* _The data_
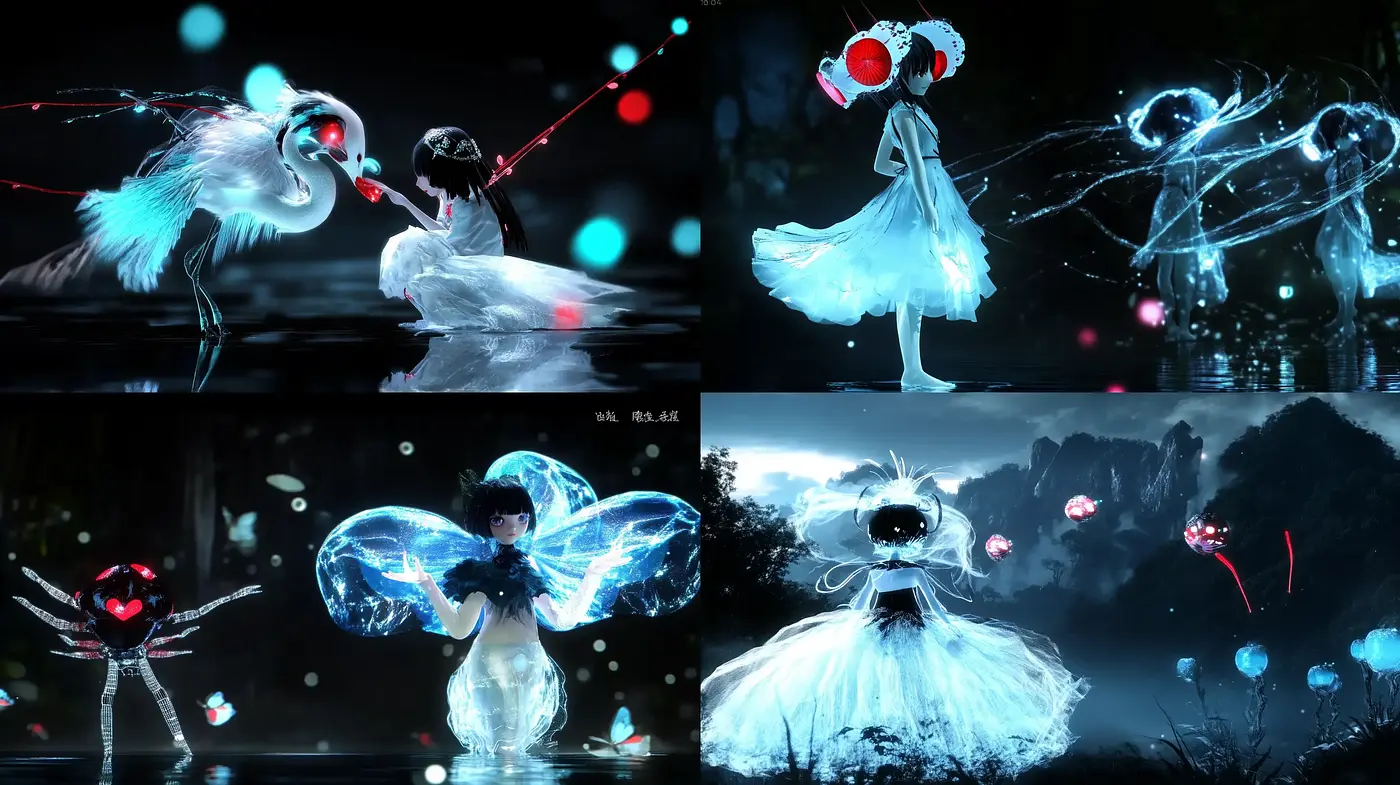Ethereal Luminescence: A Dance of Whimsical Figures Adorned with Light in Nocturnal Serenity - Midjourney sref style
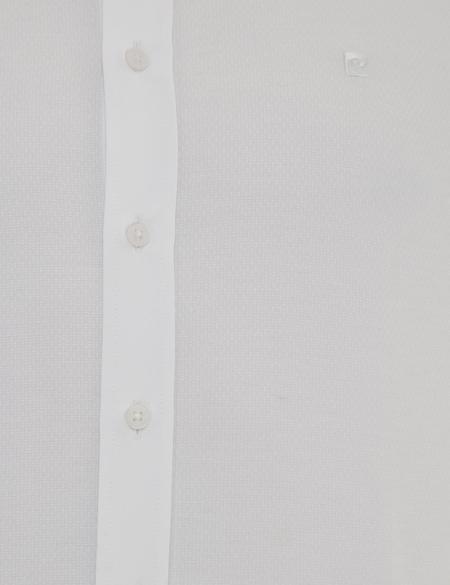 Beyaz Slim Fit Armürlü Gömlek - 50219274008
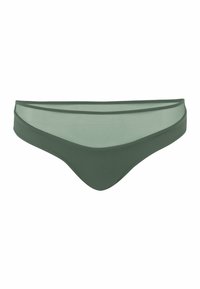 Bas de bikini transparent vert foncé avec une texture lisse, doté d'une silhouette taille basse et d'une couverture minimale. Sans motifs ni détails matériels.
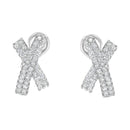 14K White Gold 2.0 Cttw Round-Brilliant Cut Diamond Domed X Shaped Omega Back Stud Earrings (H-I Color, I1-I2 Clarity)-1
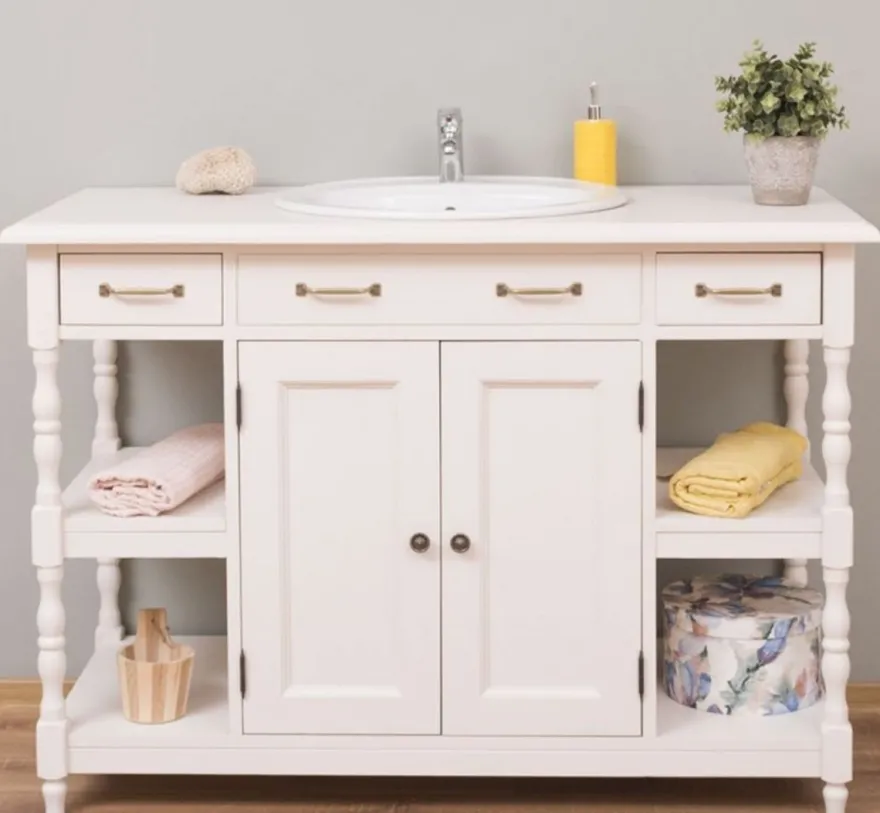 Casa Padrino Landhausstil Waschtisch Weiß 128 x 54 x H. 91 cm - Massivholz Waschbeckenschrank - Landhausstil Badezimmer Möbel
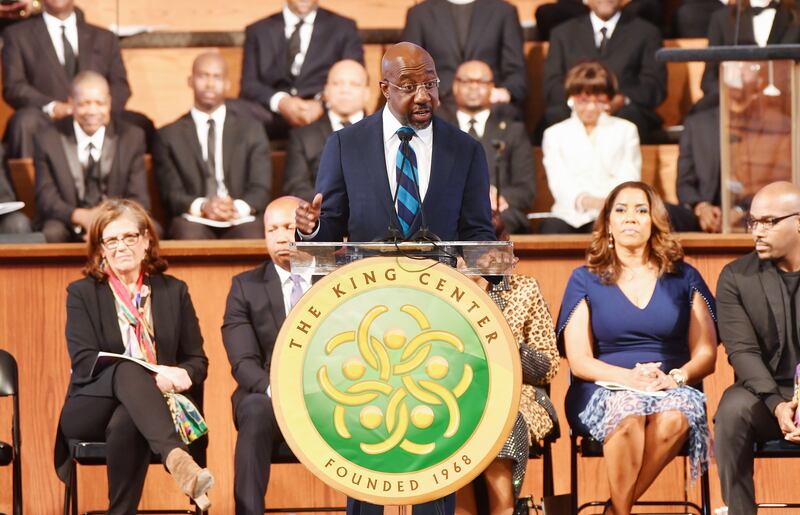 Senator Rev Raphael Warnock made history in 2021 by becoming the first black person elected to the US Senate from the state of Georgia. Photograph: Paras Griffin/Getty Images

--

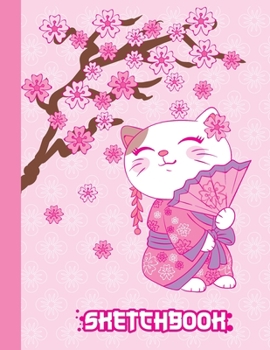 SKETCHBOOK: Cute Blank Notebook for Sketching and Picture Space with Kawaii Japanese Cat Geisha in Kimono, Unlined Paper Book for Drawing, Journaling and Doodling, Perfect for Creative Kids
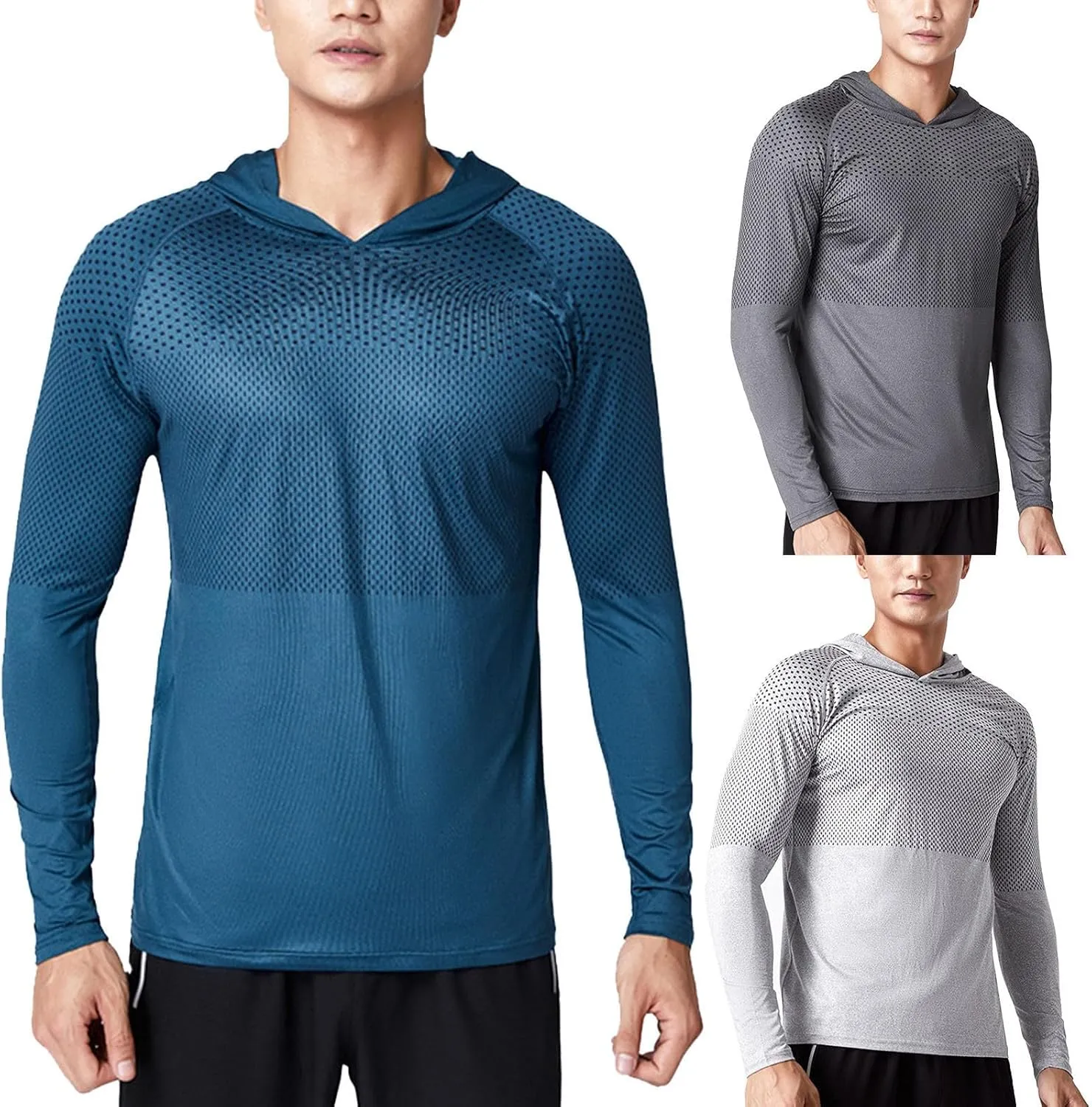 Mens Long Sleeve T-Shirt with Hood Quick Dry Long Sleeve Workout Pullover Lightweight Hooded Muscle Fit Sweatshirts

--

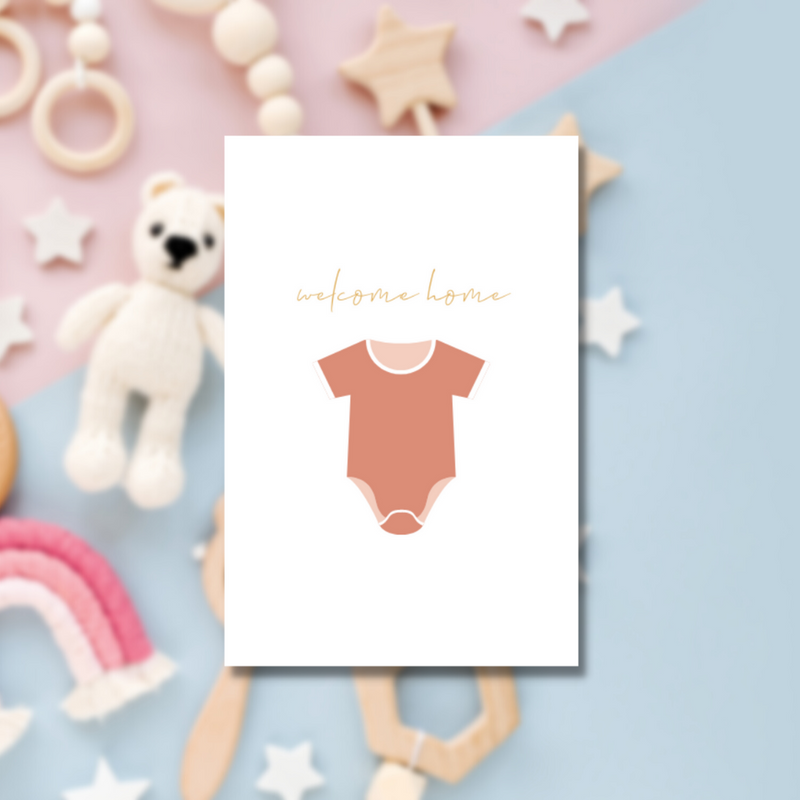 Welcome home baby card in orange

* _Exercise objective_
Among the records above, locate the line containing "Ethereal Luminescence: A" and the line containing "Senator Rev Raphael", then transcribe exactly the lines starting at the first and ending at the second, with no pictures.

* _Solved problem_
Ethereal Luminescence: A Dance of Whimsical Figures Adorned with Light in Nocturnal Serenity - Midjourney sref style
 Beyaz Slim Fit Armürlü Gömlek - 50219274008
 Bas de bikini transparent vert foncé avec une texture lisse, doté d'une silhouette taille basse et d'une couverture minimale. Sans motifs ni détails matériels.
 14K White Gold 2.0 Cttw Round-Brilliant Cut Diamond Domed X Shaped Omega Back Stud Earrings (H-I Color, I1-I2 Clarity)-1
 Casa Padrino Landhausstil Waschtisch Weiß 128 x 54 x H. 91 cm - Massivholz Waschbeckenschrank - Landhausstil Badezimmer Möbel
 Senator Rev Raphael Warnock made history in 2021 by becoming the first black person elected to the US Senate from the state of Georgia. Photograph: Paras Griffin/Getty Images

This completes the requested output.